RECORDED INFORMATION:
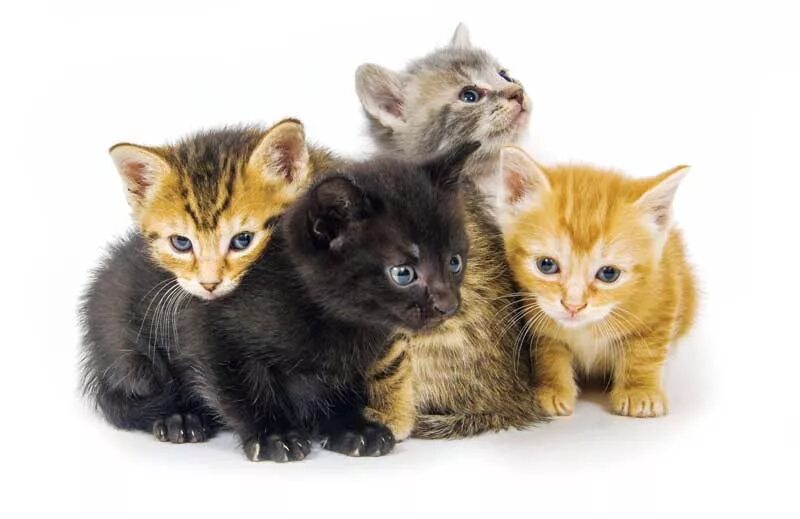 Kitten much. Little cat. sweet kitten. many kittens and owner. kittens 4chan&#039;a.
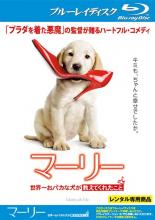 【SALE】【中古】Blu-ray▼マーリー 世界一おバカな犬が教えてくれたこと ブルーレイディスク レンタル落ち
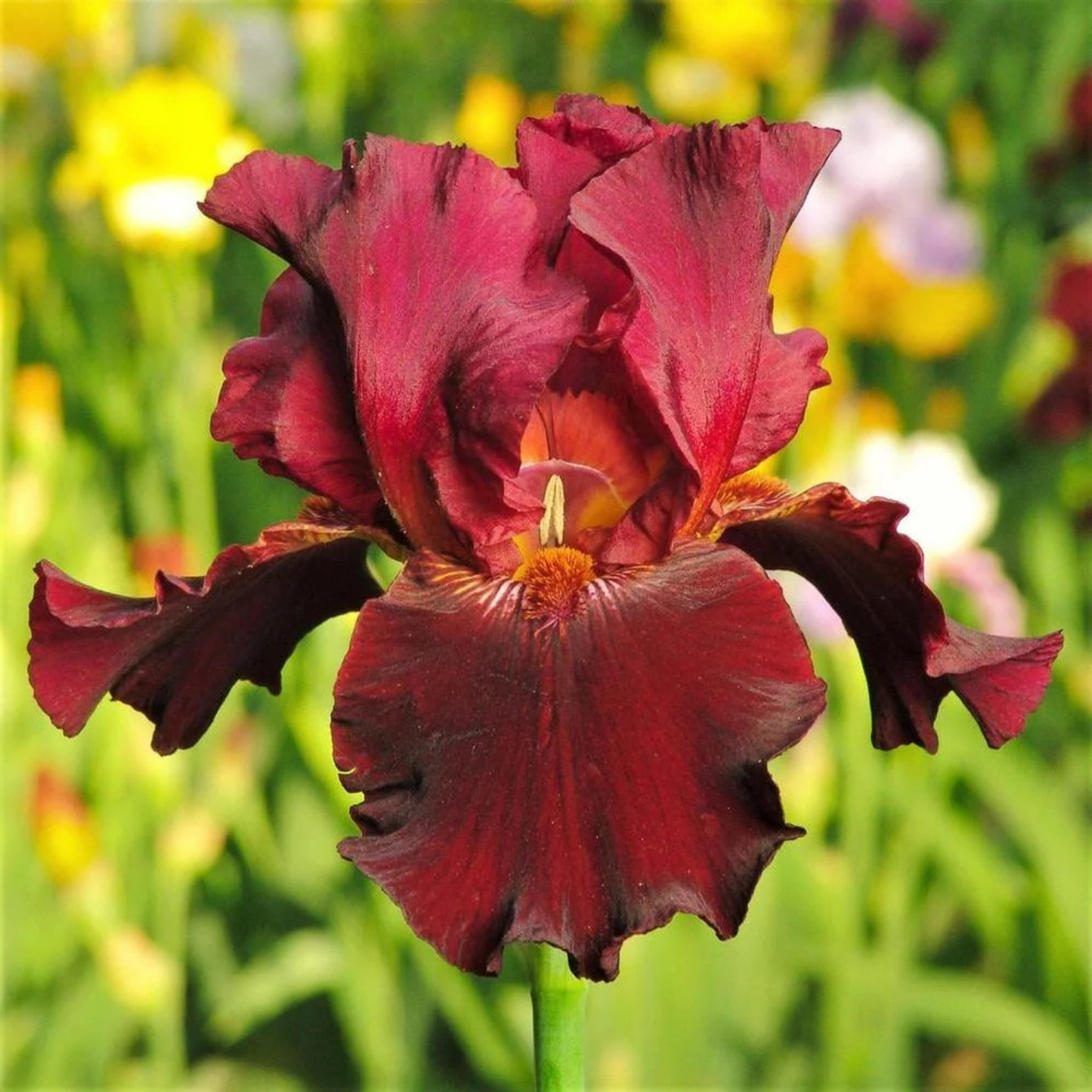 A single dark burgundy iris flower in full bloom, photographed close-up against a blurred garden background with green foliage and yellow flowers.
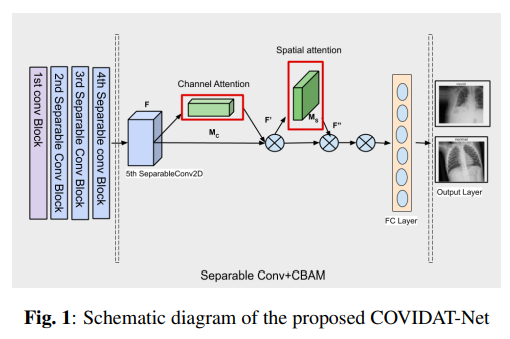 Pay Attention for COVID-19 Detection Using Efficient Convolution thumbnail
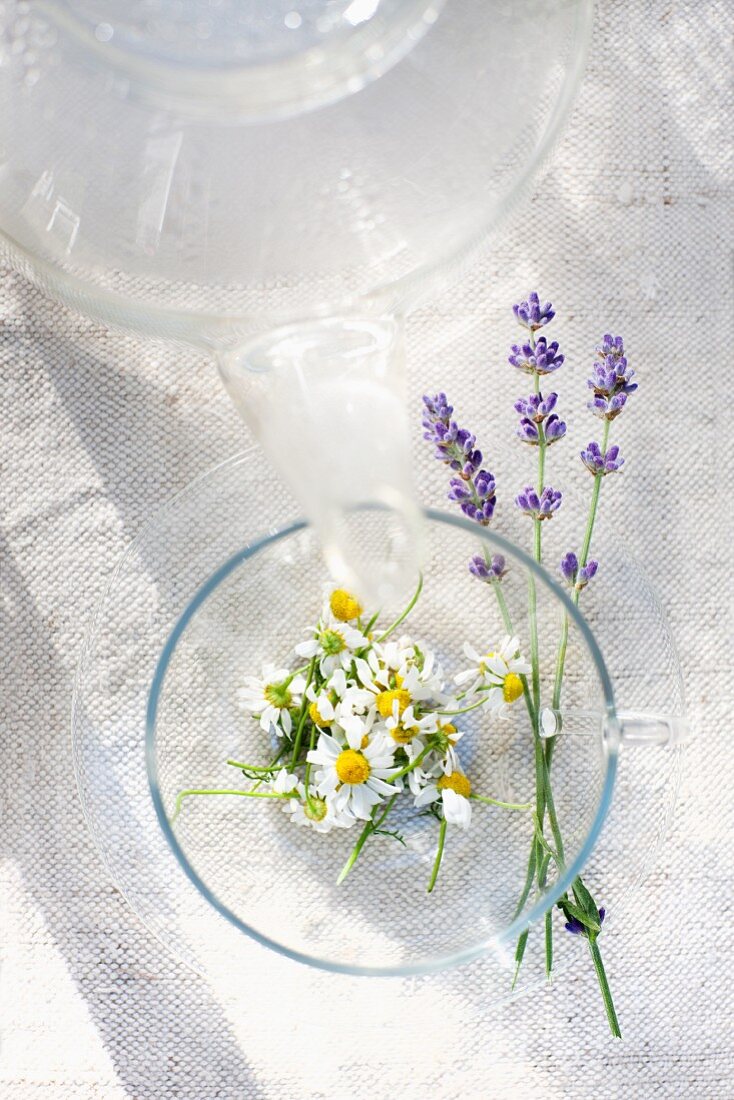 Camomile and lavender
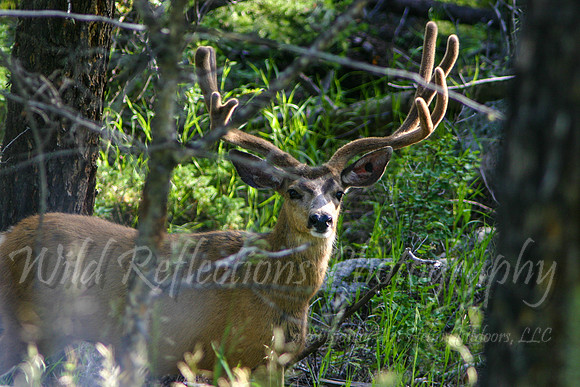 Mule Deer Buck in Velvet
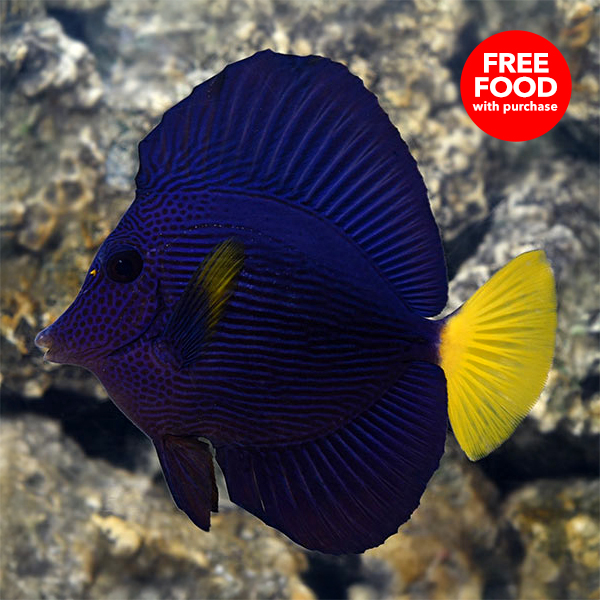 Purple Tang with FREE Food Purple Tang with FREE Food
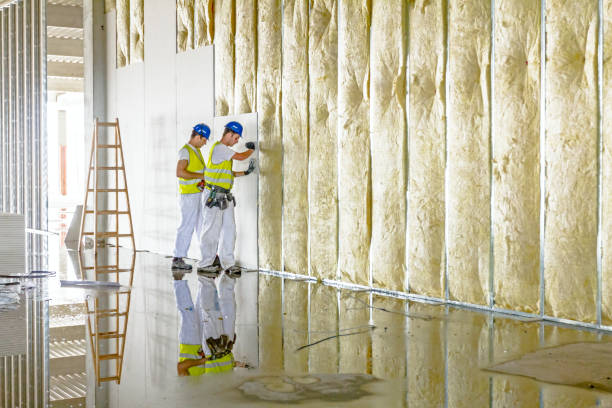 Best Insulation Removal  in Fitchburg, MA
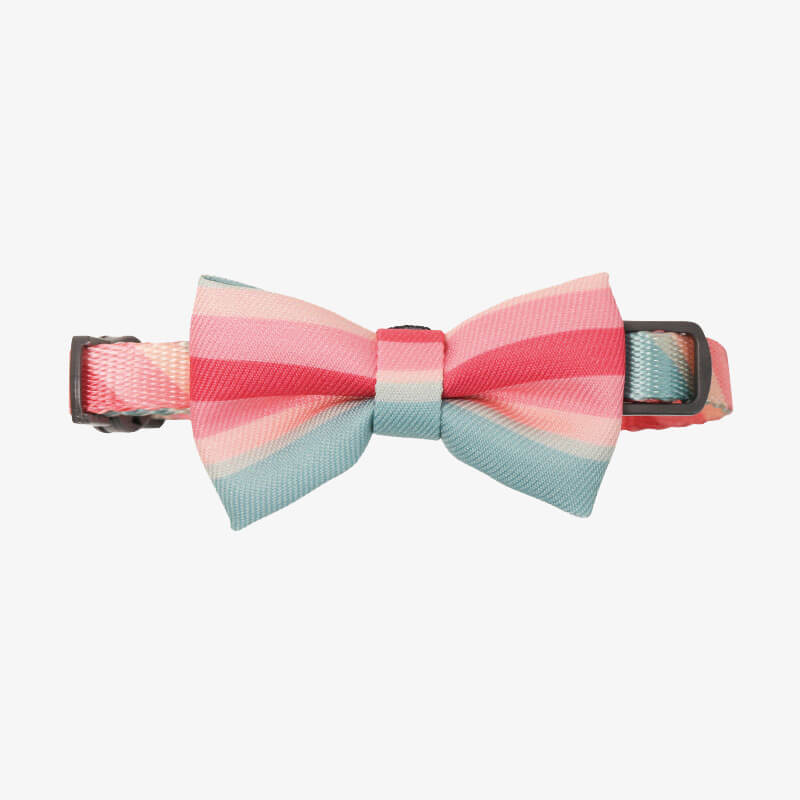 Colourful Series Funny Bow Tie Cat Tunnel Collar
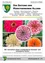 Juni 2025 Werbung für Alland, Österreich, mit Zinnienblumen und Grüßen für einen wunderbaren Sommer und erholsame Ferien.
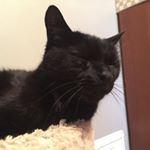 Profile Picture of Heidi Page (@gary_heidingham) on Instagram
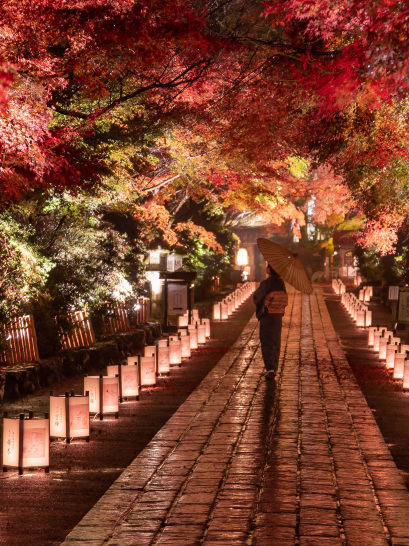 4年ぶりの再開も！😳】滋賀県の紅葉スポットが絶景すぎる！🍁✨ | Trip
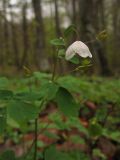 Isopyrum thalictroides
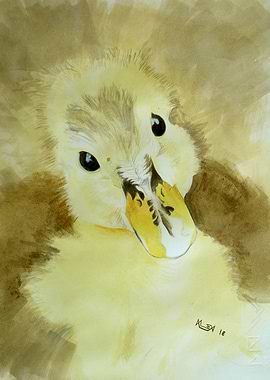 Innocent Eyes - Duck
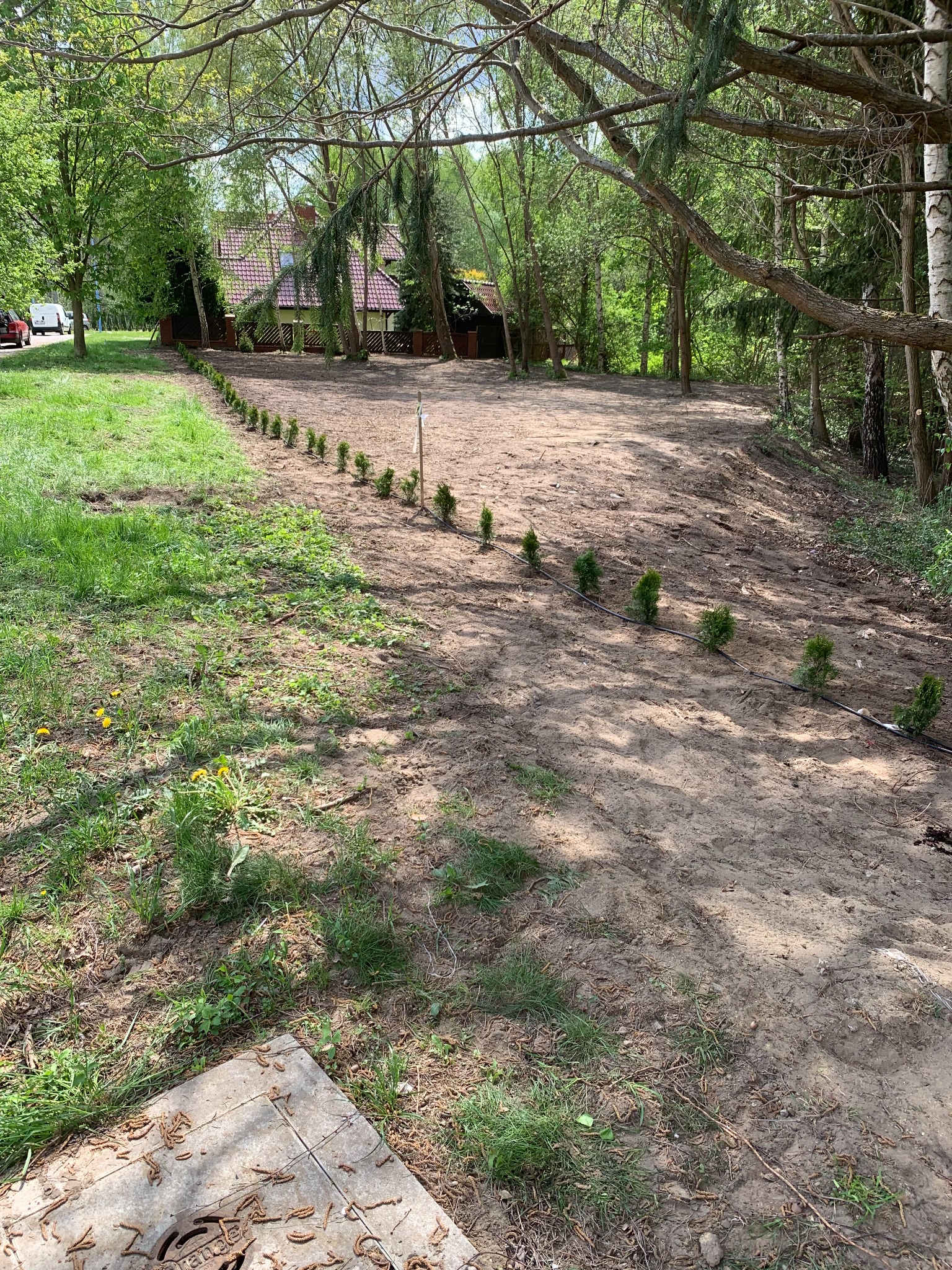 Świeżo posadzone, małe tuje szmaragdowe w rzędzie, z widoczną linią nawadniającą, na przygotowanym terenie podwórka z domem w tle.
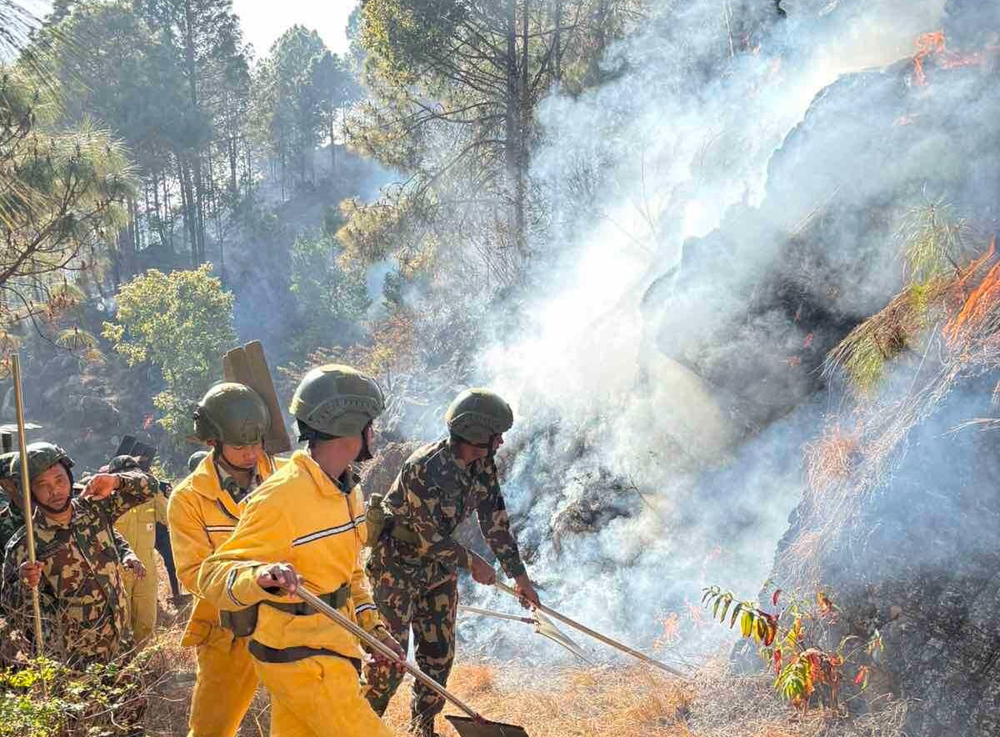 पाल्पाको जंगलमा डढेलो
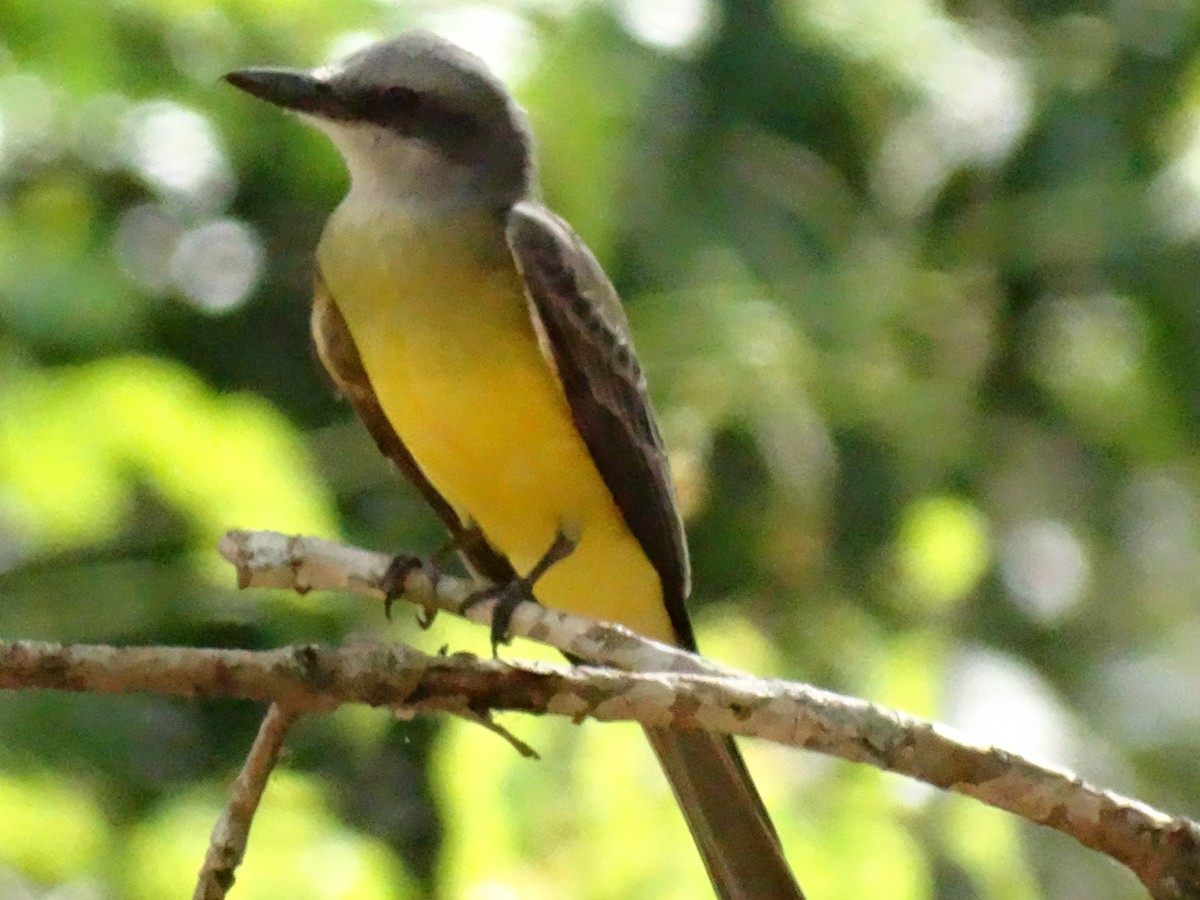 Tropical Kingbird - José-María García-Carrasco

TASK DETAILS: Please hand back every entry above exactly, with no images in the copy.

RESPONSE TO THE TASK:
 Kitten much. Little cat. sweet kitten. many kittens and owner. kittens 4chan&#039;a.
 【SALE】【中古】Blu-ray▼マーリー 世界一おバカな犬が教えてくれたこと ブルーレイディスク レンタル落ち
 A single dark burgundy iris flower in full bloom, photographed close-up against a blurred garden background with green foliage and yellow flowers.
 Pay Attention for COVID-19 Detection Using Efficient Convolution thumbnail
 Camomile and lavender
 Mule Deer Buck in Velvet
 Purple Tang with FREE Food Purple Tang with FREE Food
 Best Insulation Removal  in Fitchburg, MA
 Colourful Series Funny Bow Tie Cat Tunnel Collar
 Juni 2025 Werbung für Alland, Österreich, mit Zinnienblumen und Grüßen für einen wunderbaren Sommer und erholsame Ferien.
 Profile Picture of Heidi Page (@gary_heidingham) on Instagram
 4年ぶりの再開も！😳】滋賀県の紅葉スポットが絶景すぎる！🍁✨ | Trip
 Isopyrum thalictroides
 Innocent Eyes - Duck
 Świeżo posadzone, małe tuje szmaragdowe w rzędzie, z widoczną linią nawadniającą, na przygotowanym terenie podwórka z domem w tle.
 पाल्पाको जंगलमा डढेलो
 Tropical Kingbird - José-María García-Carrasco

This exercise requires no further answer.